[The data — start]

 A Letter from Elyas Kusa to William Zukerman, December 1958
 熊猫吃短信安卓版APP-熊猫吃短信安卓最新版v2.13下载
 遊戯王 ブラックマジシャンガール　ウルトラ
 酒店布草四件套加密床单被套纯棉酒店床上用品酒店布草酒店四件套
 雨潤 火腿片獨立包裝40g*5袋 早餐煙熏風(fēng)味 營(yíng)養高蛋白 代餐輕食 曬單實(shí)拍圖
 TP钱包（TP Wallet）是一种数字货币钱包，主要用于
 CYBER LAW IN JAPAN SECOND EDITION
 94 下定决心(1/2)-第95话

[The data — finish]
[The data — start]

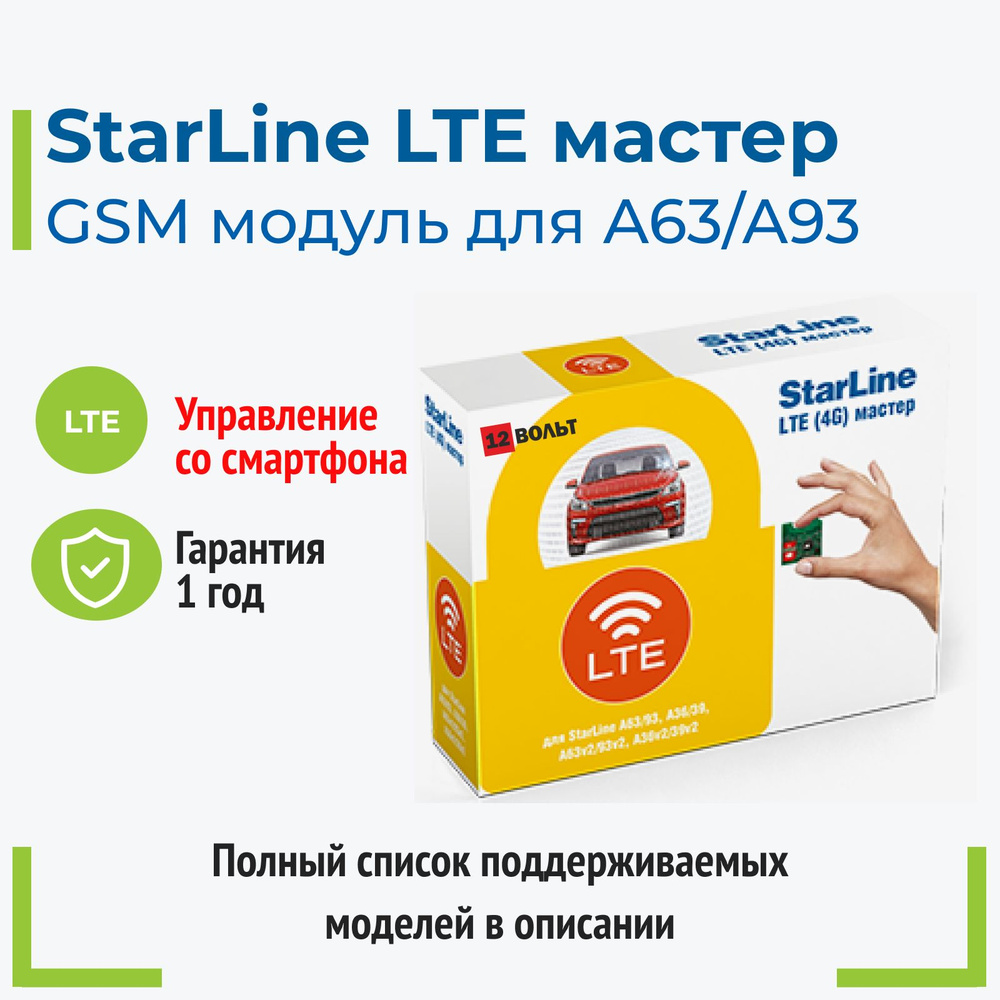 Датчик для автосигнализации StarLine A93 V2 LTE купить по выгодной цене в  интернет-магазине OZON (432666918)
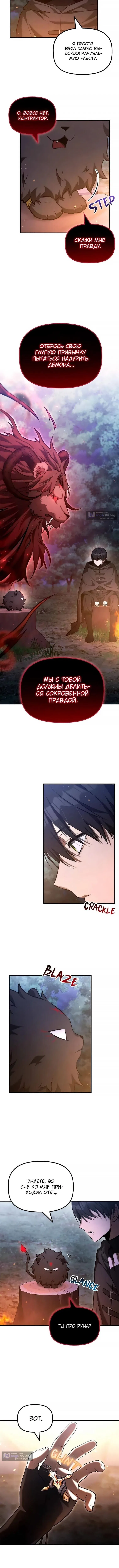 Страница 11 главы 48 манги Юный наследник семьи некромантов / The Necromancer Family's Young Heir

[The data — finish]

Activity:
Reproduce exactly the section above that begins at the line containing "TP钱包（TP Wallet）是一种数字货币钱包，主要用于" and ends at the line containing "94 下定决心(1/2)-第95话", leaving out all other lines.

Response to this exercise:
 TP钱包（TP Wallet）是一种数字货币钱包，主要用于
 CYBER LAW IN JAPAN SECOND EDITION
 94 下定决心(1/2)-第95话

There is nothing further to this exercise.